» Task prompt
Without copying any pictures, restate exactly the lines from the start of the records through the line containing "chambre lits jumeaux".

» The records
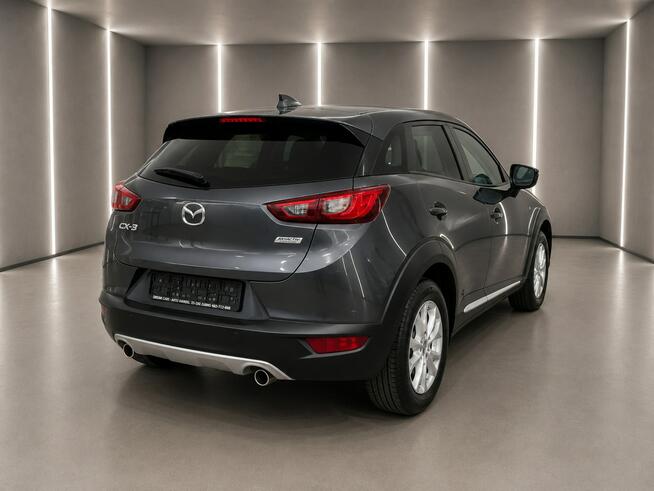 Mazda CX-3 2.0 benzyna*kamera cofania*nawigacja*bezwypadkowa*opłacona Żabno - zdjęcie 8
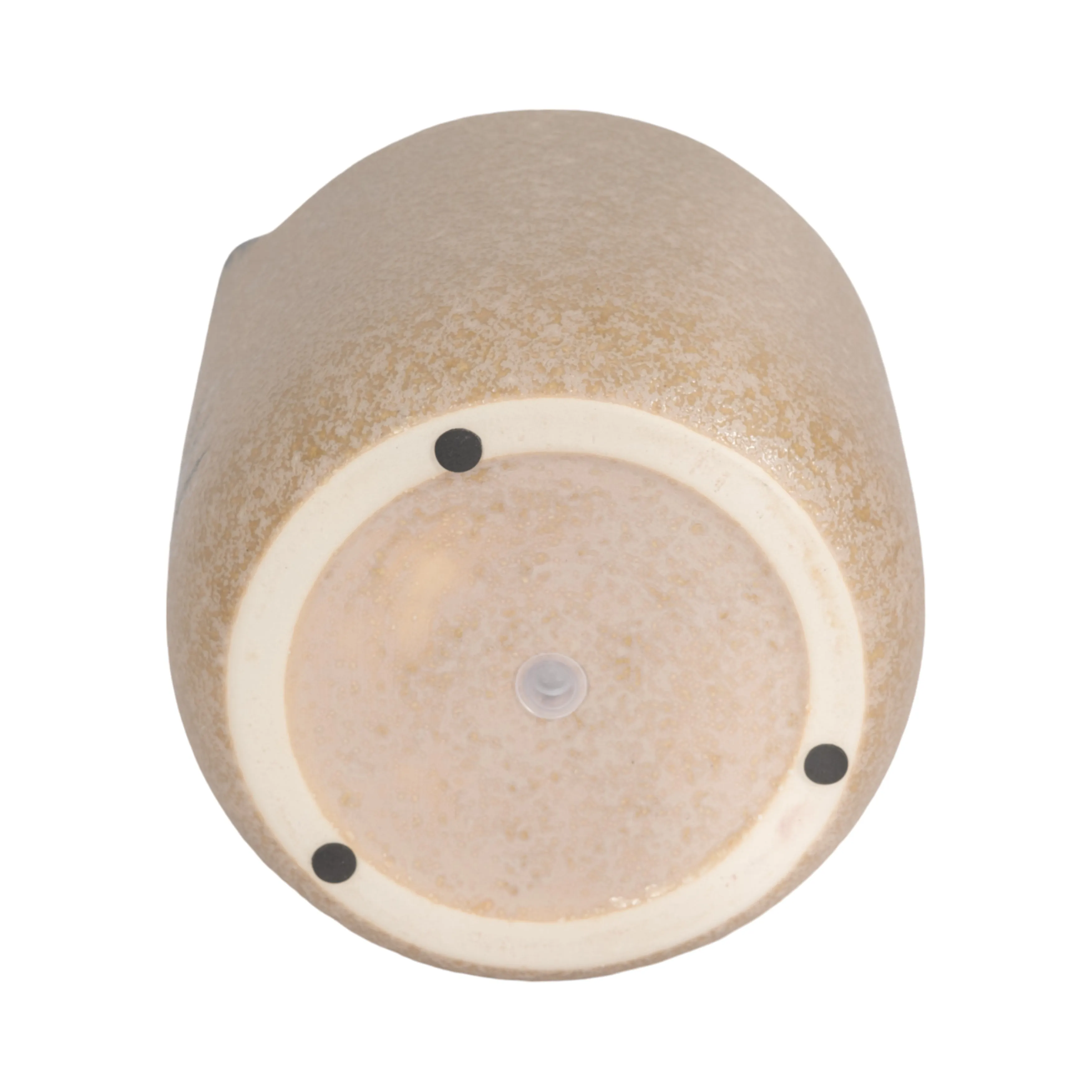7" Kitty Planter, Tan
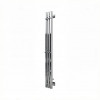 Полотенцесушитель электрический Grota Corsa K 130х1200 хром код: hs-3286  фото 3 &mdash; heating-style.ru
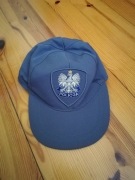 czapka służbowa policyjna, policja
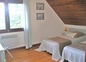 chambre lits jumeaux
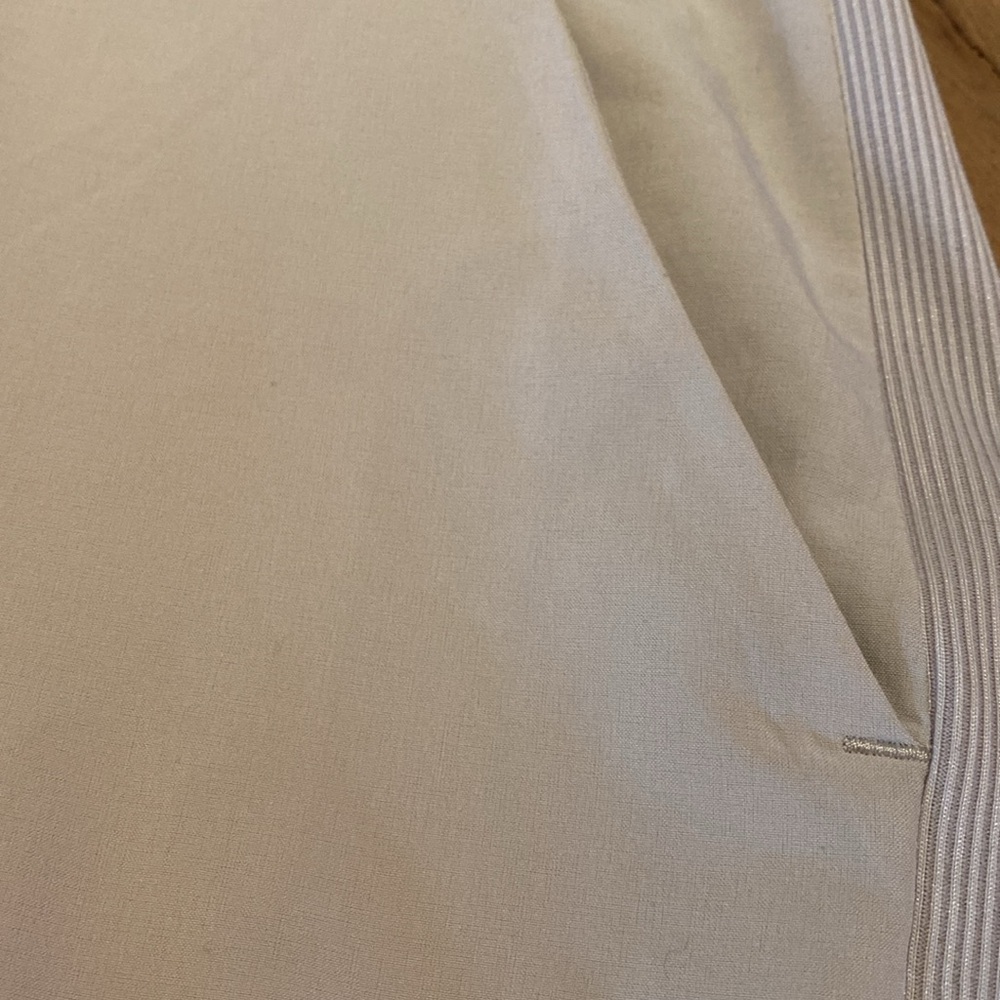 Athleta Brooklyn Ankle Pant Cream Size 8 - Picture 4 of 10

» Result below
 Mazda CX-3 2.0 benzyna*kamera cofania*nawigacja*bezwypadkowa*opłacona Żabno - zdjęcie 8
7" Kitty Planter, Tan
 Полотенцесушитель электрический Grota Corsa K 130х1200 хром код: hs-3286  фото 3 &mdash; heating-style.ru
 czapka służbowa policyjna, policja
 chambre lits jumeaux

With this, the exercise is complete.